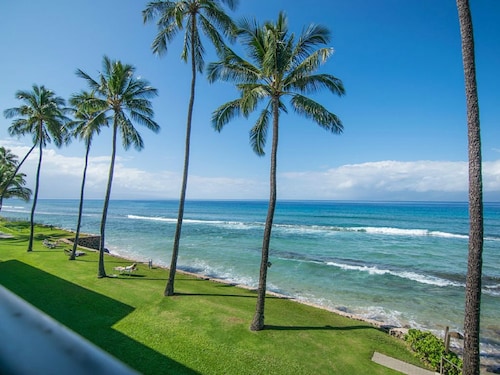 Papakea E 108 kauniisti uusittu! Pohjakerros ja portaat uimarantaan, uima-altaalle ja grillausmahdollisuuteen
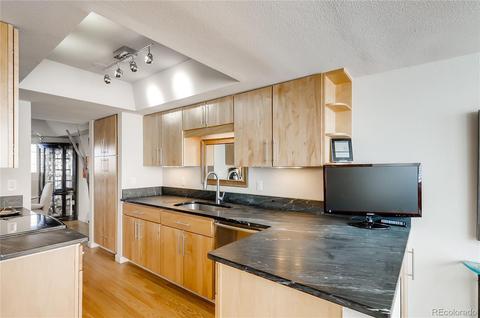8550 E Temple Dr, Denver, CO 80237 photo 8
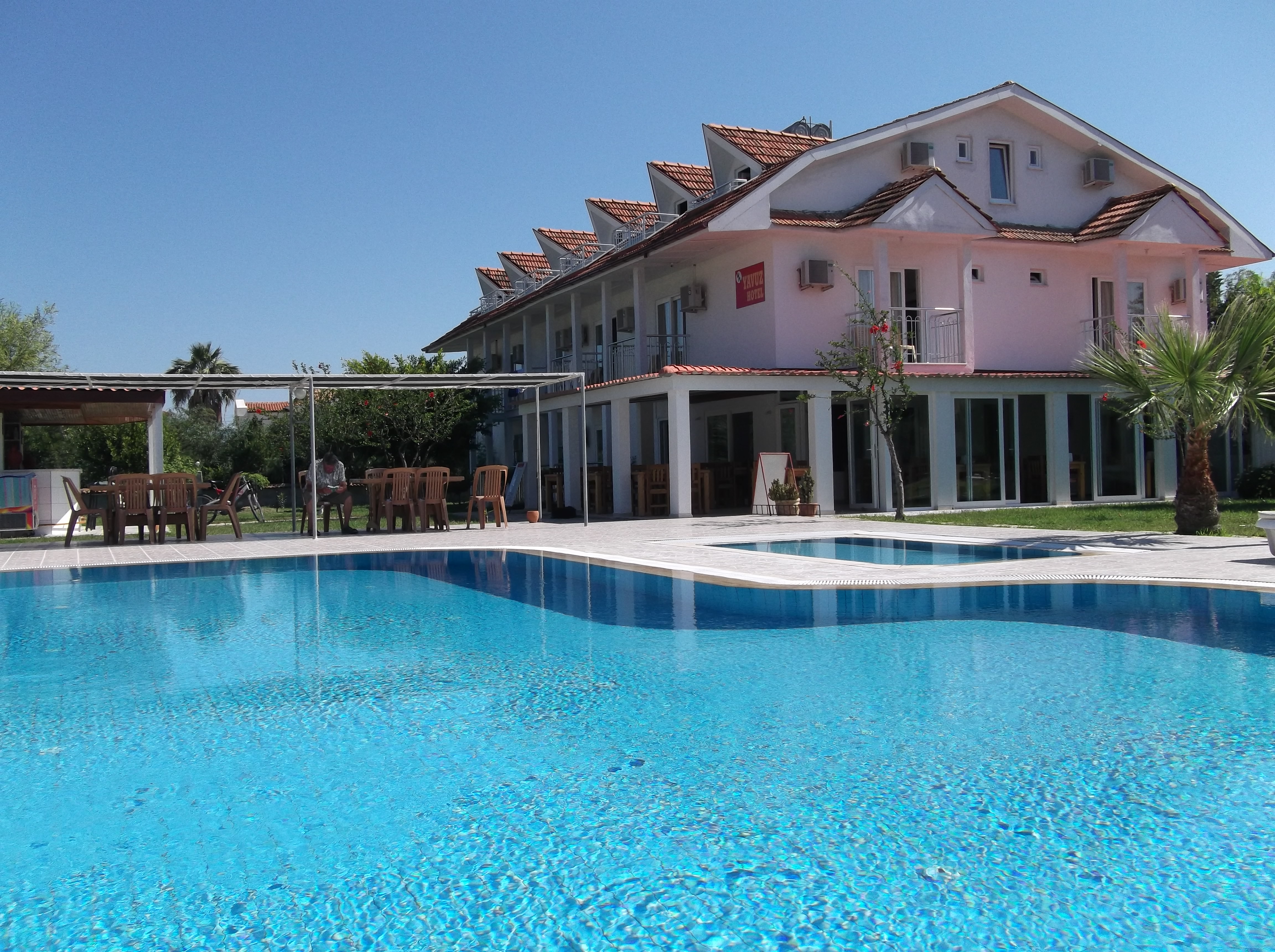 YAVUZ HOTEL 36/37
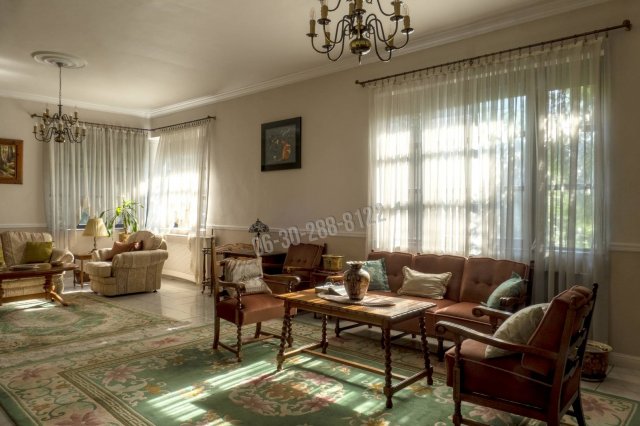 Eladó családi ház, Budapesten, XIV. kerületben 220 M Ft
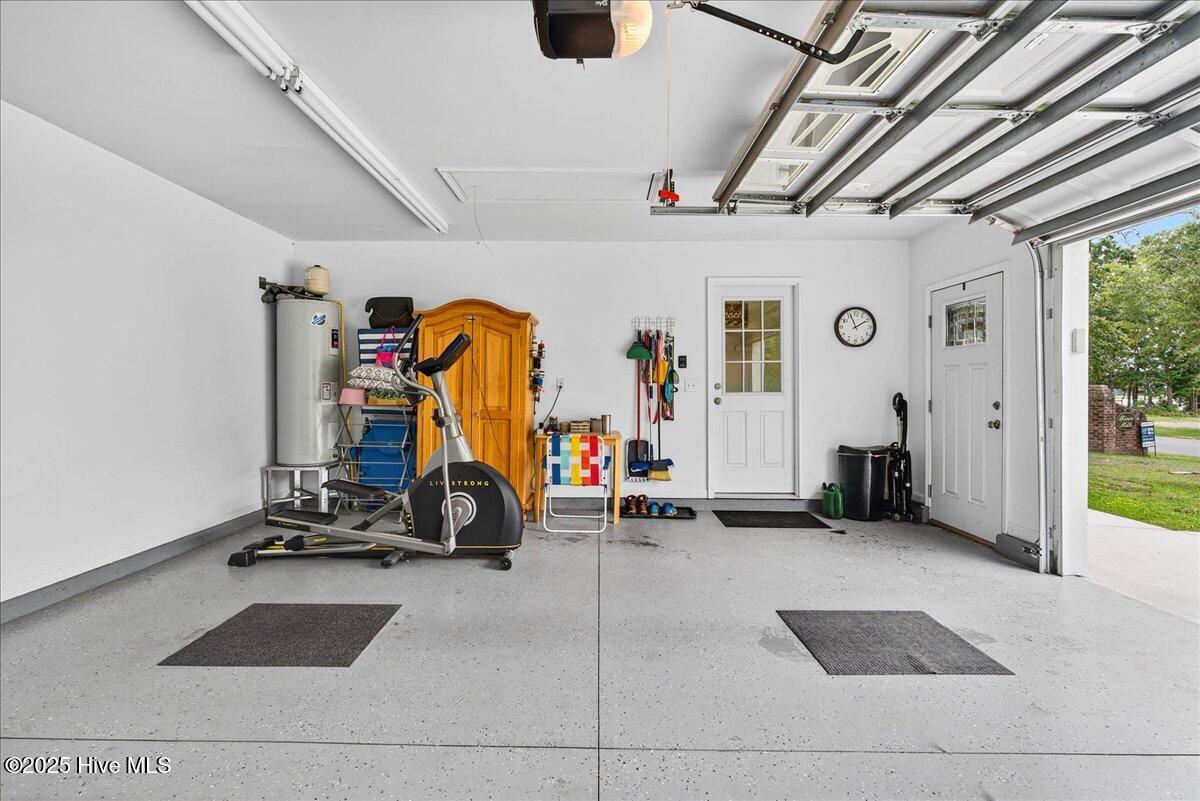 100530290 | Photo 34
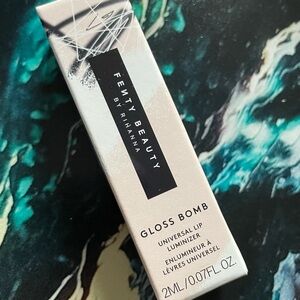 NIB Fenty Gloss Bomb Universal Lip Luminizer in Fenty Glow travel/trial size
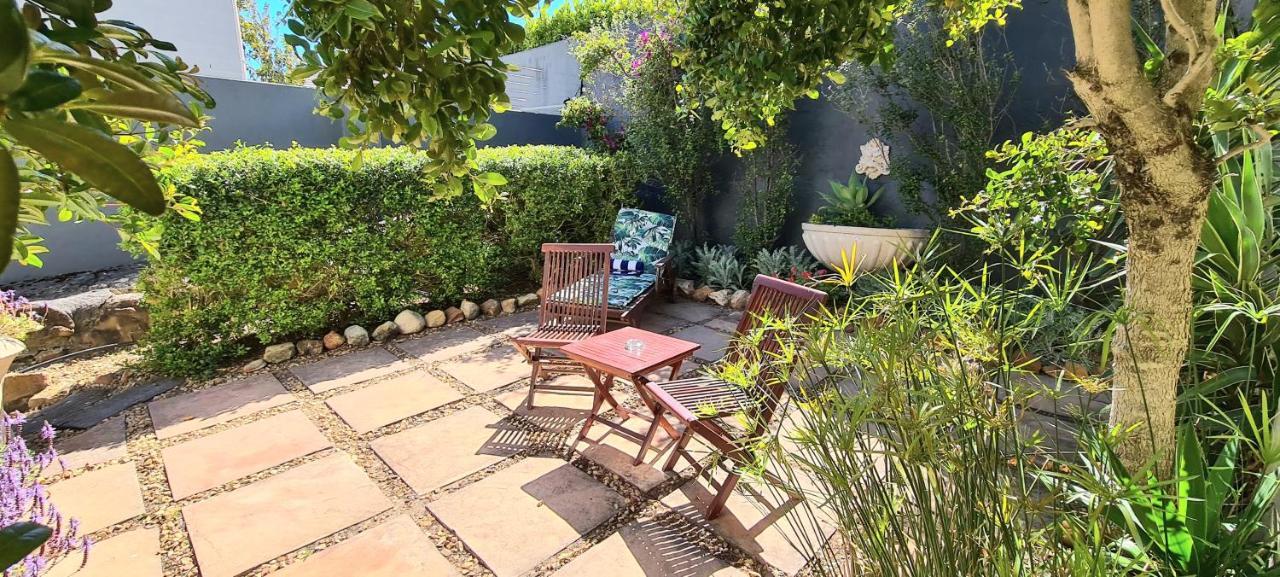 Finchley Guesthouse In Camps Bay Cape Town Exterior foto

# ACTIVITY
Return the material exactly as given, apart from the pictures.

# RESPONSE AREA
 Papakea E 108 kauniisti uusittu! Pohjakerros ja portaat uimarantaan, uima-altaalle ja grillausmahdollisuuteen
8550 E Temple Dr, Denver, CO 80237 photo 8
 YAVUZ HOTEL 36/37
 Eladó családi ház, Budapesten, XIV. kerületben 220 M Ft
 100530290 | Photo 34
 NIB Fenty Gloss Bomb Universal Lip Luminizer in Fenty Glow travel/trial size
 Finchley Guesthouse In Camps Bay Cape Town Exterior foto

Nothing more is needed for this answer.